9 things that happen to adults who still have babyfaces (like me)

They say that Asians age gracefully and slowly, and I couldn’t agree more. A lot of people I know look much younger than their age, even the older people I’m acquainted with don’t look like they’re pushing 40 at all. It’s a blessing. But sometimes it’s a curse, too. Especially if you’re even more younger-looking than normal.

Introducing the babyfaced Asian.

While most people can get away with looking maybe 5 years younger, baby-faced Asians can go up to 10. And I’m not joking. I’m 26 and these things still happen to me if I don’t wear a lot of makeup or dress up nicely.

Here are 9 things that happen to adults who still have babyfaces.

9. People always joke about giving you the kiddie menu (sometimes they actually do)


“A salad and pasta for me–do you want chicken nuggets?” No, I don’t want chicken nuggets, Martha. I want a grown-up meal. I mean, well, I do want chicken nuggets. But not now in this restaurant. Give me the grown-up menu, darn it!
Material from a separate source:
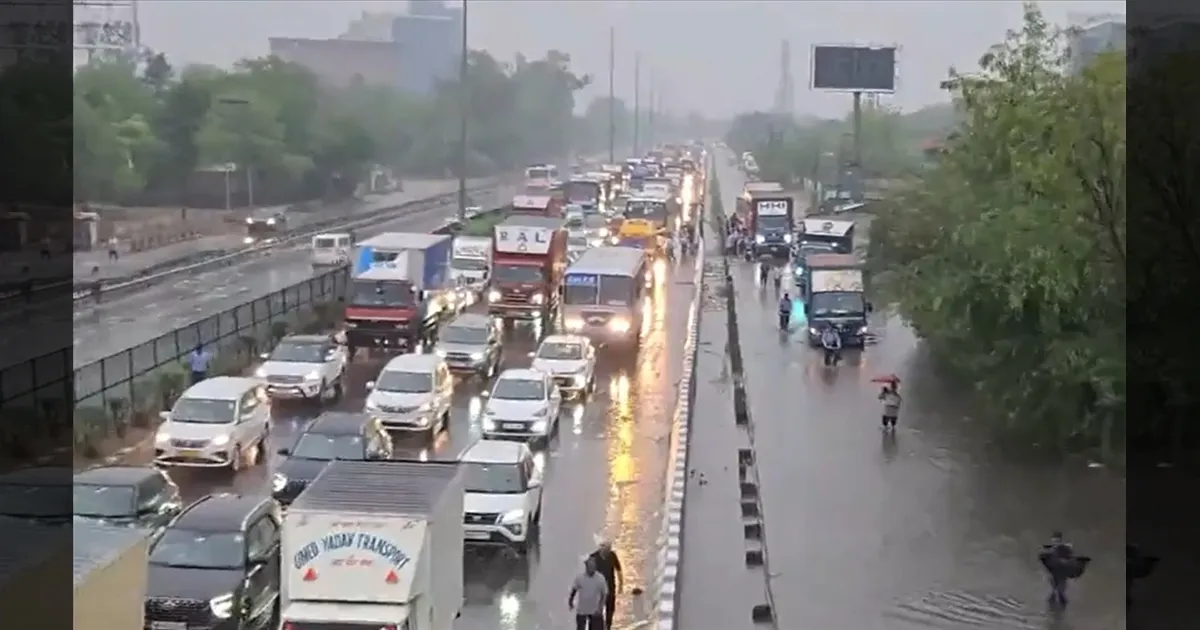 டெல்லியில் கொட்டும் மழை.. ஆட்டம் காட்டும் சூறைக்காற்று.. ஒரே குடும்பத்தில் 4 பேர் பலி..!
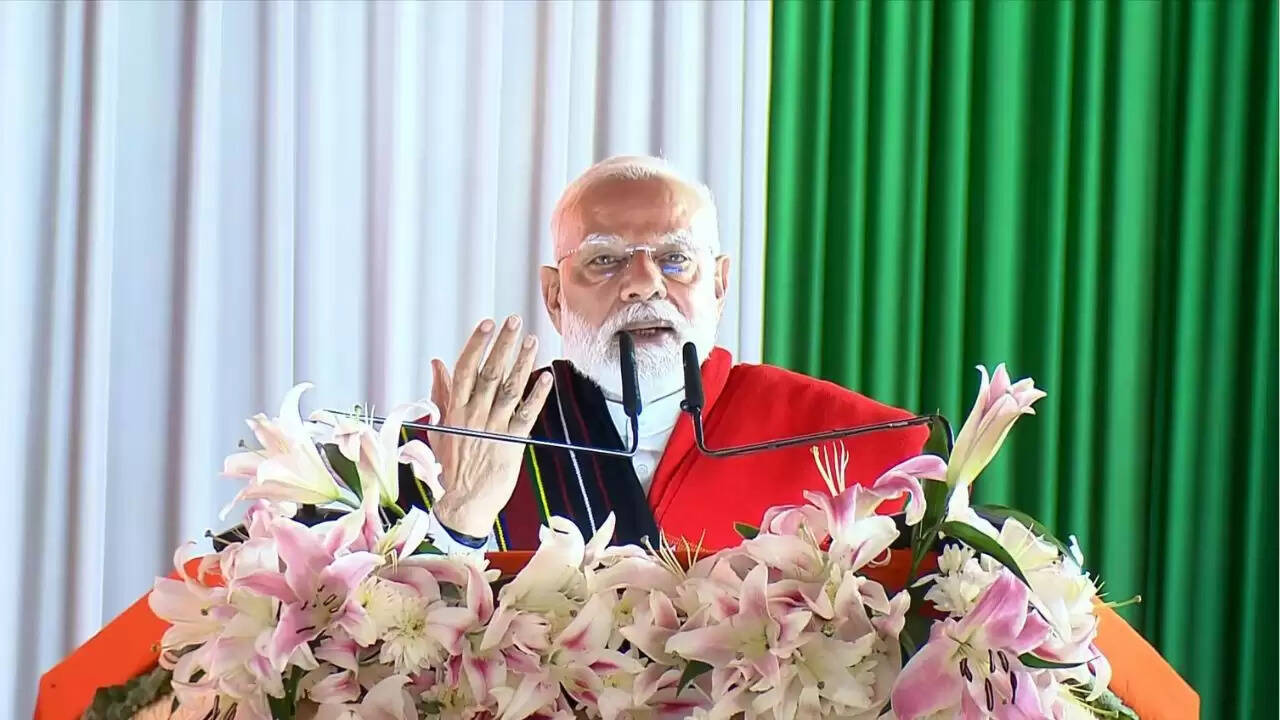 प्रधानमंत्री मोदी ने मणिपुर में 7,300 करोड़ रुपये की विकास परियोजनाओं का शिलान्यास किया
8. Getting your cheeks pinched


Being babyfaced now means that, as a child, you were babyfaced Extreme. So everyone was pinching your cheeks. And it hasn’t stopped. Please, tita. I’m old already.

7. Being asked when you’re graduating


Sometimes they ask when you’re graduating from college–this was something I didn’t totally mind. And sometimes they ask when you’re graduating from high school. Which is just painful.

6. Getting asked for ID at a bar


You know you’re old enough to be here. But does everyone else?

5. Getting asked by the LTO if you’re really of age to apply to drive


Yes, I’m of age. I was of age many years ago. Please. I just want to be able to drive to McDonalds at 4 AM to buy nuggets. Give me the written exam already.

4. Being stopped at the cinema for any age restrictions in movies


Sir, I am over 20 years old. I am over 25 years old. Let me see Deadpool.

3. Asking someone else to buy the liquor


You’ve been stopped before, who’s to say they aren’t gonna stop you now? You always have to get your older-looking friend to do it, usually they have a beard or they’re really tall. And they dress like an adult. So that helps a lot, too.

2. No one takes you seriously when you’re mad


When you’re mighty pissed, everyone just tries to hide their laughter and smiles because: “omg you’re so cute.” I’m not cute! I’m fearsome! I am seething! I got coffee spilled on me on my way to get my laundry!!!!! This isn’t cute, people!

1. “You’ll look so good when you’re old”


Well, that’s one good thing! But what if I want to look good now??? Sigh.